We can only hope competition remains and they don't become some sort of de-facto monopoly where we stop having a choice. Currently we do have a choice.. so they can't get away with most of what they would naturally be inclined to do should they become a full monopoly.

But yes, well said. There is lots of room for abuse there and we as technical people pretty much should call them out on in whenever we can.

EDIT: I agree that Apple sucks but maybe other people in this thread wouldn't want to hear our gripes with them, ha. We can agree and move on perhaps? (I don't want to spam Electrum's issue tracker with this stuff.. as much as I like talking about it)... :)

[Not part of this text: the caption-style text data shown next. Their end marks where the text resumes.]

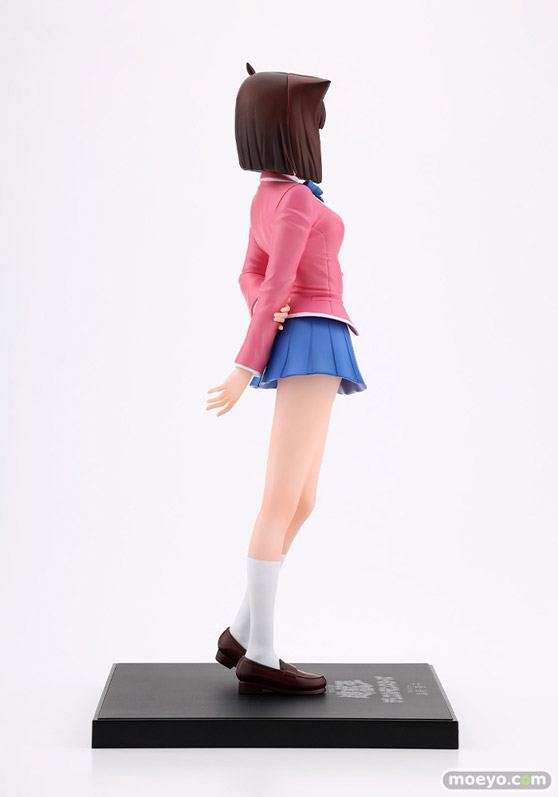 コトブキヤ OSHI WORKS 遊☆戯☆王デュエルモンスターズ 真崎杏子 株式会社サウザンド フィギュア 11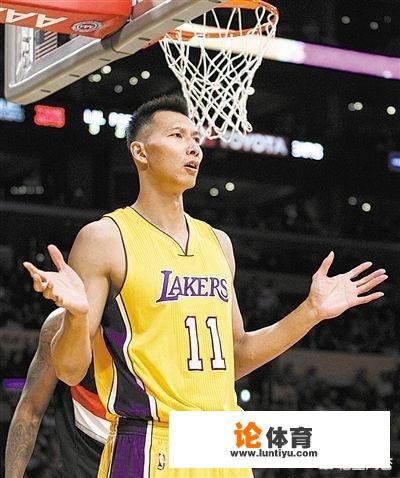 有人说CBA一哥、31岁身体素质依然是国内第一的易建联，却打不了NBA，是什么原因？_易建联为什么不打nba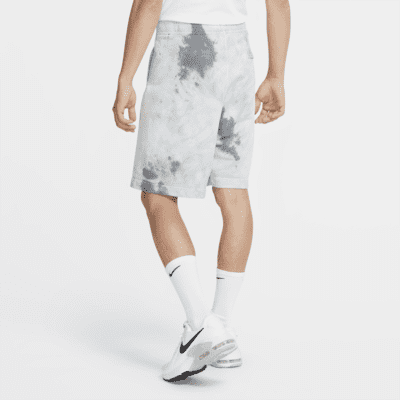 Nike Sportswear Men's French Terry Shorts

@cculianu How far are you from submitting a PR to pyinstaller? Even if your PR takes a lot of time to be merged, we could use a custom PyInstaller in our build process, instead of merging #5007

merged. thanks again

@ecdsa We already use a custom pyinstaller in the build process for Electron Cash (one that supports URL events after the app is running) -- it's not hard to do -- as I'm sure you know since you used to do it for Electrum on Windows. :)

I am a few days away from that patch as I have some other stuff to finish up.

I see you merged this already -- you can always unmerge or delete it (it's only those small changes) once that's done and you can go that route.

I'm going to submit the patch against 3.5-dev branch though of PyInstaller but I'll also make one against 3.4 as well. We shall see how that goes. I'll let you know!

@ecdsa can you please post a comment in this thread, when you have an Electrum release where all binaries are signed (even the ones from the PyInstaller)?

@marcomasser @ecdsa Hey! I did it! I created the PR for PyInstaller. It is here. https://github.com/pyinstaller/pyinstaller/pull/3991

Feel free to go into the PR conversation and lobby for it. Perhaps the squaky wheel gets more grease..

@ecdsa : Note this is against their 3.5 'develop' branch. I want to also make this for our private use against the current release 3.4 branch, and package it into a .zip (along with my 'AppleEvents' changes that will allow Electrum to open URLs once it's running -- currently it can't do that -- URLs only work if Electrum wasn't running!). So I will be doing this regardless for Electron Cash.. let me know if you are interested and you can use the exact same PyInstaller.zip file in your Electrum project and it can be easily added to the make_osx script... I'll let you know when that's done.